Your answer should hold exactly the lines beginning with the one that contains "8000 Surf Drive 3, Panama City, FL 32408" and ending with the last line of the material, both included. Leave every picture out.

Data block
○ ○ ○

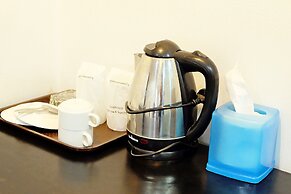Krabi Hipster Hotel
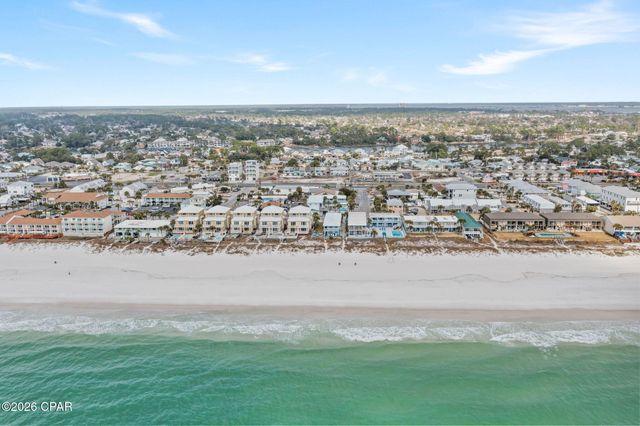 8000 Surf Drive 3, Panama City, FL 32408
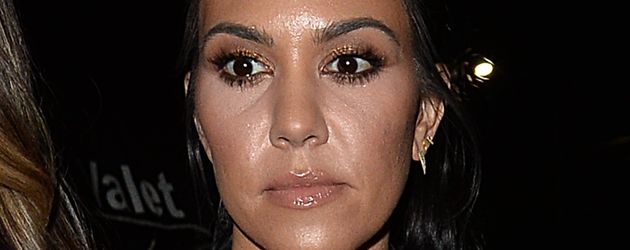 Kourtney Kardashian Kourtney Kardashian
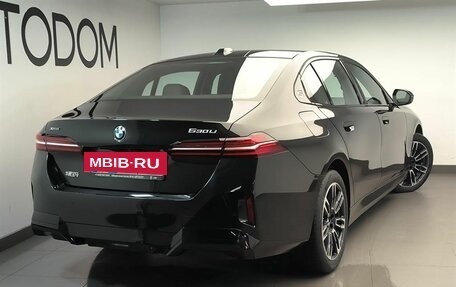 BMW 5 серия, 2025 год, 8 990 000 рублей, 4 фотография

○ ○ ○

Exercise output
 8000 Surf Drive 3, Panama City, FL 32408
 Kourtney Kardashian Kourtney Kardashian
 BMW 5 серия, 2025 год, 8 990 000 рублей, 4 фотография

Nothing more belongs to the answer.